9 Factors You Must Know About CNC Machining Cost
When it comes to CNC machining cost, there are a number of factors that need to be taken into consideration. Let’s begin with some factors that affect CNC machining cost.
1. Order QuantityQuantity has a big bearing on CNC machining cost due to both the material cost and the actual production. CNC machining cost are based on the machine set up time and the time required to process the project. If you are preparing the part analysis and setting up equipment, the cost is similar for 1 piece or 10000 pieces. So the cost per item will increase greatly for small orders.

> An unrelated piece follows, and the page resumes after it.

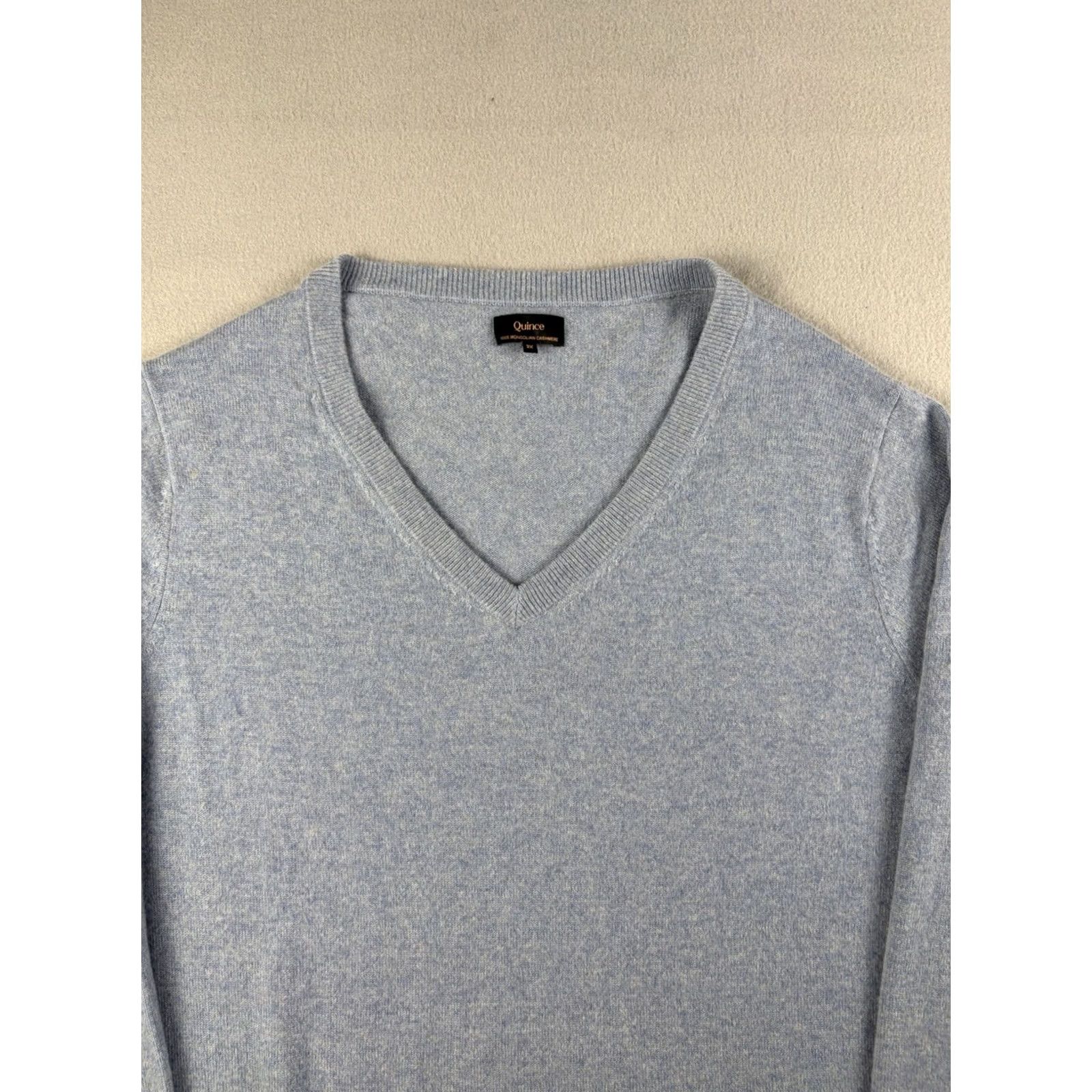 Quince Quince Sweater Men 3XL Blue Cashmere V-Neck Knit Pullover Casual Solid Tight-Knit Size US XXL / EU 58 / 5 - 2 Thumbnail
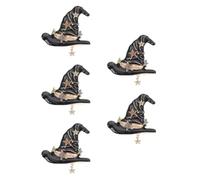 Abaodam 5pcs Halloween Witch Hat Rhinestone Brooch Pin Metal Alloy Jewelry Accessory for Costume Sweater Scarf Backpack Party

This does not mean the CNC machine is not interested in doing smaller quantities. It can mean that the cost per unit may vary according to the quantity.
2. Size of the parts
Different types of machines can fit different parts and different types of parts.
Generally speaking, the smaller the part to be CNC machined, the more complex CNC machine that can be used.
If the part is very large then generally it can be done on multiple machines using less complicated processes. An example is turning and milling can be done on individual simpler machines.
Metals suitable for CNC machining are each distinguished by different mechanical properties—like strength, ductility, corrosion-resistance, and others. These properties result in a range of machinability factors, meaning that some materials (with good machinability) are easier to mill and machine than others.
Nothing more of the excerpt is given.